Exercise | Reproduce, please, the line that holds "Hallway features unique" and all later lines through the end of the entries below, exactly; omit pictures.

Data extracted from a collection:
>>>

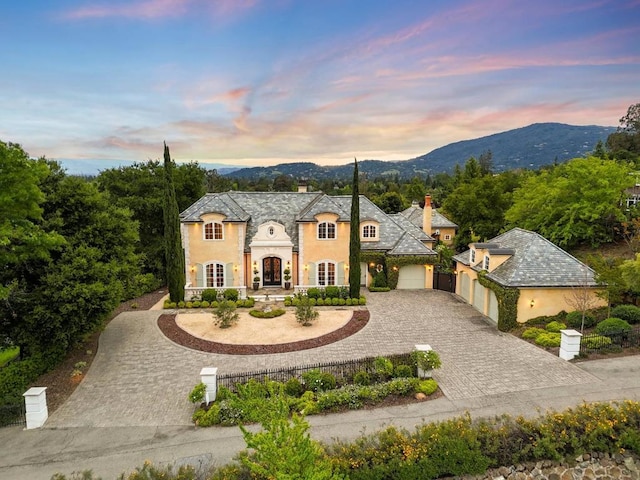 french provincial home featuring a garage and a mountain view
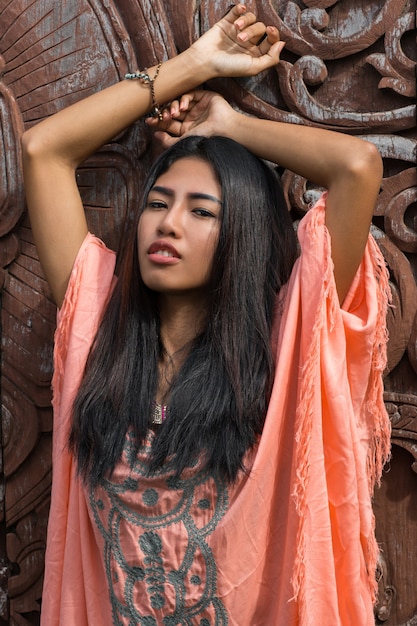 Hermosa modelo asiática en vestido rosa boho posando sobre pared ornamental de madera.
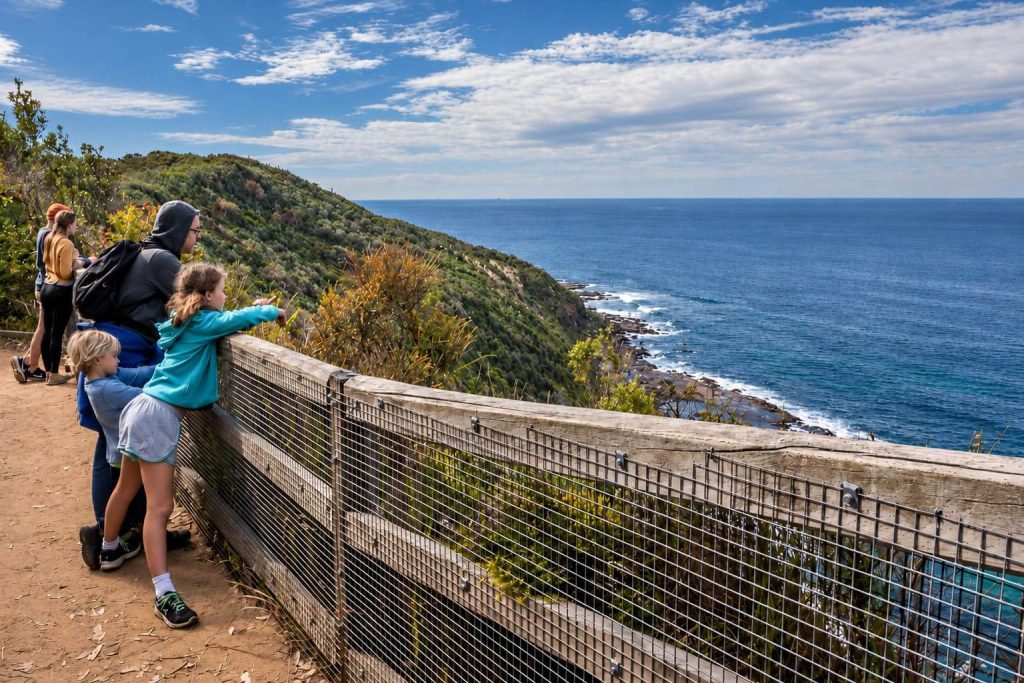 Family stopping at a lookout on the Wyrrabalong Coast Walk with ocean views and rocky coastline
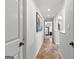 Hallway features unique flooring, recessed lighting, and access to multiple rooms at 105 Riviera Ct, Fayetteville, GA 30215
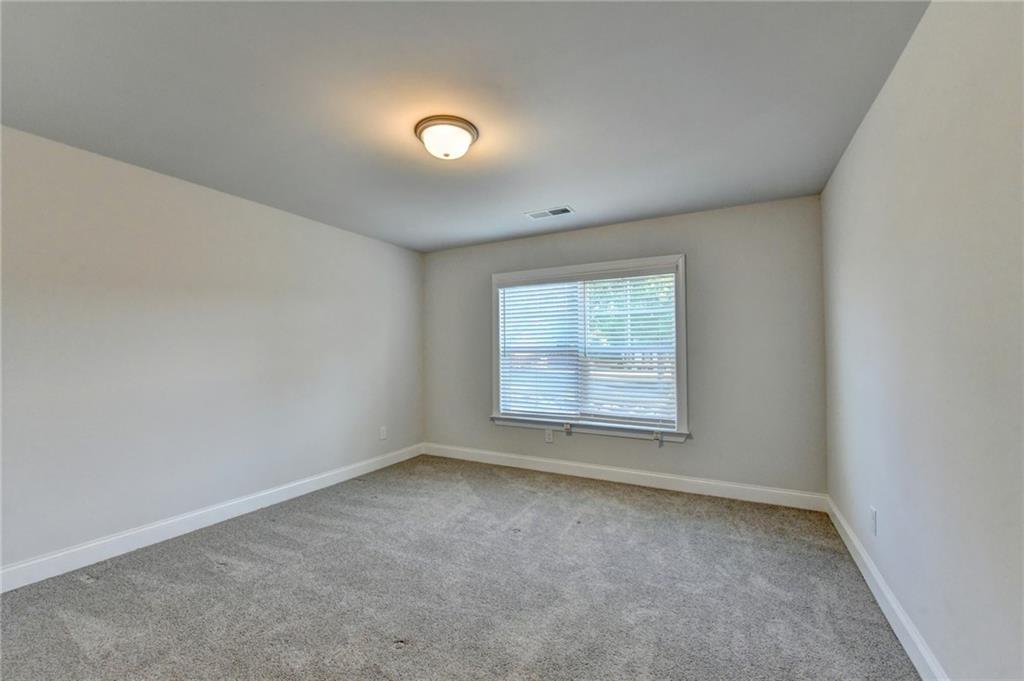 4548 Red Blossom Trail Southwest Powder Springs, GA 30127 - Photo 49 of 72 an empty room with a window
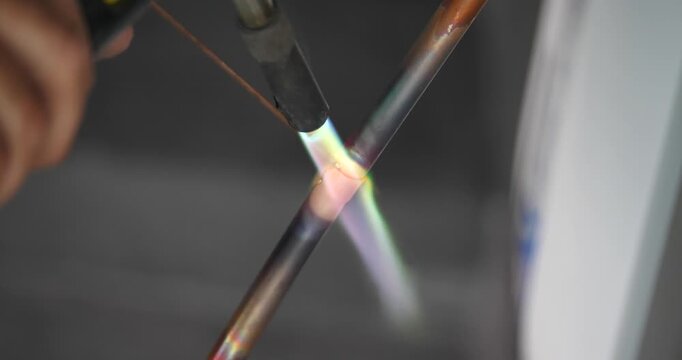A technician or worker is soldering copper pipes; an air conditioning technician.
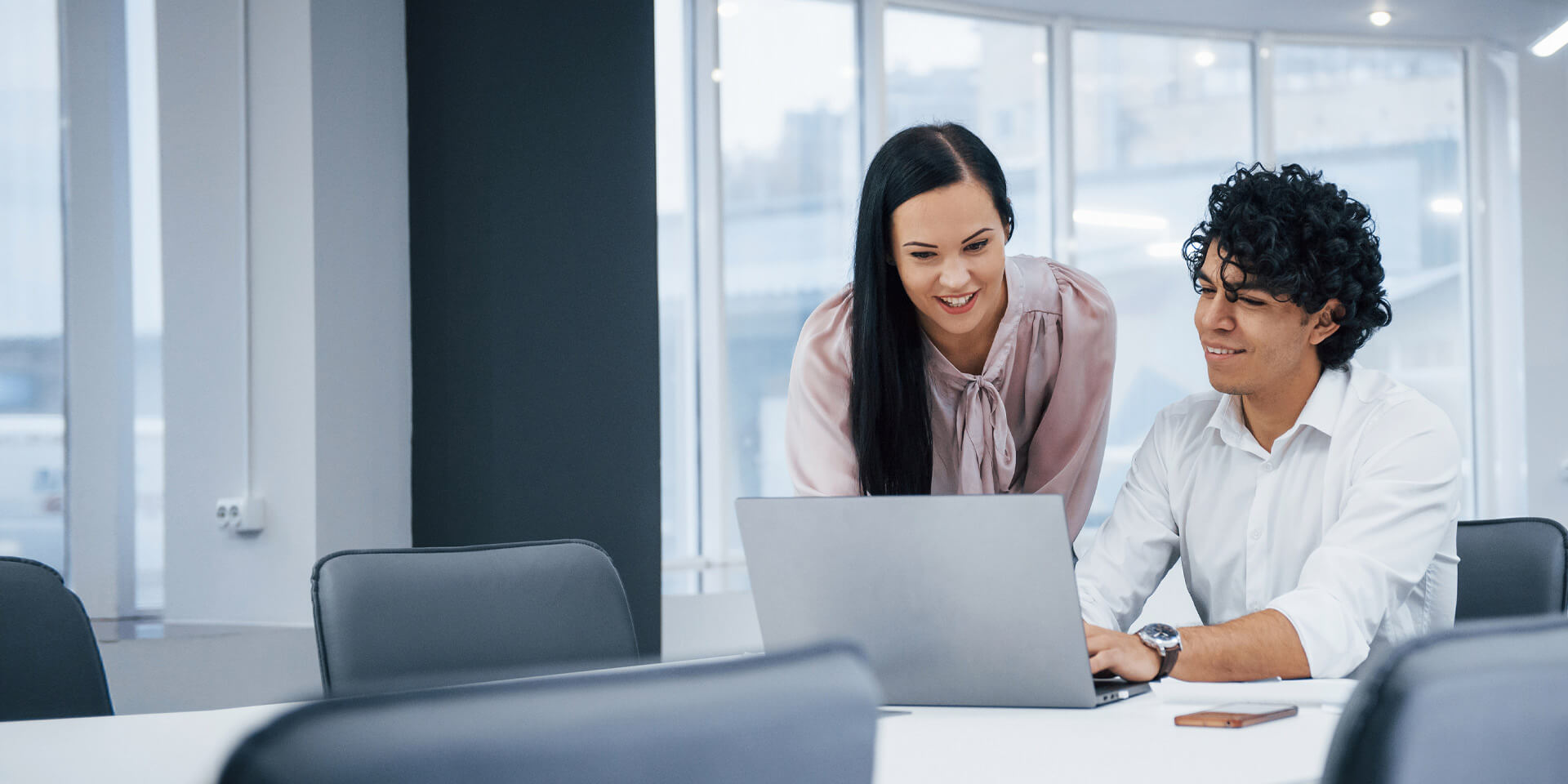 Two coworkers looking at a laptop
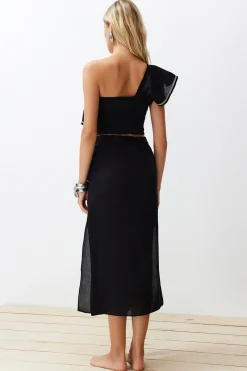 Conjunto top asim&eacute;trico y falda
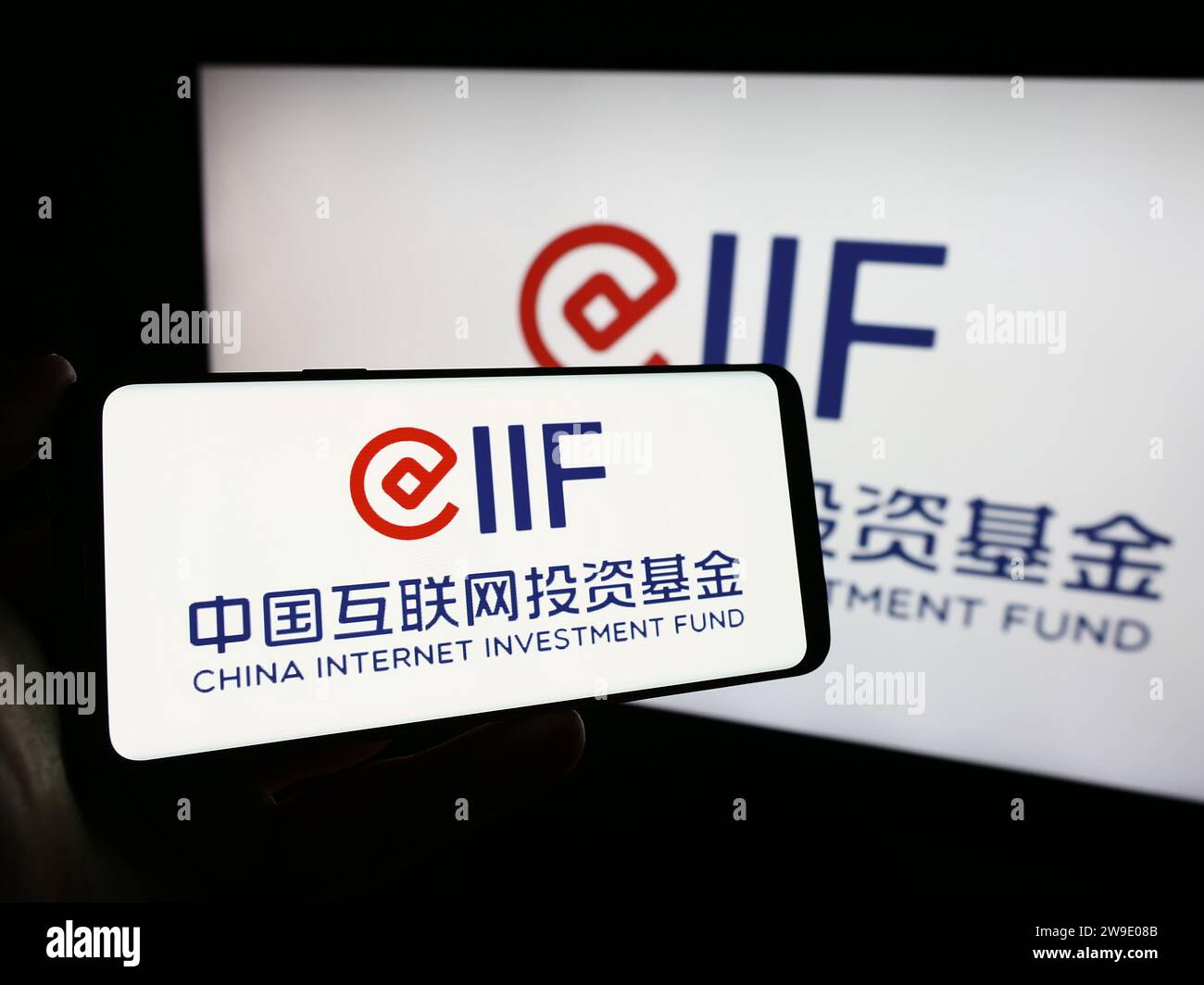 Persona che possiede un telefono cellulare con il logo del China Internet Investment Fund (CIIF). Concentrarsi sul display del telefono. Foto Stock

<<<

Response below |
 Hallway features unique flooring, recessed lighting, and access to multiple rooms at 105 Riviera Ct, Fayetteville, GA 30215
 4548 Red Blossom Trail Southwest Powder Springs, GA 30127 - Photo 49 of 72 an empty room with a window
A technician or worker is soldering copper pipes; an air conditioning technician.
 Two coworkers looking at a laptop
 Conjunto top asim&eacute;trico y falda
 Persona che possiede un telefono cellulare con il logo del China Internet Investment Fund (CIIF). Concentrarsi sul display del telefono. Foto Stock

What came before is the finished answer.